Now I should mention that these ocean rows are done in highly specialized craft which are safe as they can be made to be and barring being sliced in two by a liner or falling overboard unattached the rower can expect to survive quite a bit of ill nature.

My issue comes from the rather long interludes between the hops. In fact the way things are working out, while the Atlantic Row was filled with hair raising adventure and the first attempt of the pacific row ended in having to abandon the good boat "Brocade" making the second attempt a dramatic race against the real possibility running out of water and all of us giving Roz the big cheer as she rowed into the Waikiki Yacht club. Now 6 months later step 3 has our gal pulling toward the Internet nation of Tuvalu (.tv) and while the previous two steps have had everything you would want as far as adventure, so far part 3 has been totally a matter of poor Roz's sore bum w/pictures.
OK, now here is a woman hoping to make big change giving speeches to cube dwellers or whomever has to sit through this sort of up lift, and I Texino happen to mention that "metaphorically" this row is falling as flat as the "El Mariachi" trio of films and Roz goes crazy on me.
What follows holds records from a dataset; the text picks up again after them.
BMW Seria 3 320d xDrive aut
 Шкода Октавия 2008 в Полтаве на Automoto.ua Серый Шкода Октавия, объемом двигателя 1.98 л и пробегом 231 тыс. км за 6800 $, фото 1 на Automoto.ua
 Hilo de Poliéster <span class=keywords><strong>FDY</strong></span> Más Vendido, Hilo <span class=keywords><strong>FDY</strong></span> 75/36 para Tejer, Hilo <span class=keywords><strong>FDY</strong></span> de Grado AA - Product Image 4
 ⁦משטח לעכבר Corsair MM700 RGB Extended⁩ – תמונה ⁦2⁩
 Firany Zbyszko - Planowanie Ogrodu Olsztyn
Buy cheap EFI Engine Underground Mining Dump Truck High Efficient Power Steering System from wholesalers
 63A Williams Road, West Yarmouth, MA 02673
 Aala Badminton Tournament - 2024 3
I don't know, maybe she needs to rant about how this is real life, but we are both sitting behind key boards and Roz knows nothing about my years at sea, my wartime service or career as a Fire/Rescue Officer. I figure it's only a matter of time before the her inbred British insults start and I get called a "Dreadful Little Man".

The whole nutcase problem here is I'm just making some points. I'm not trying to demean Roz Savage in any way, I just fear that she has picked up all these newbie followers who are so heavy with the saint paint that she may lose sight of the true southern cross.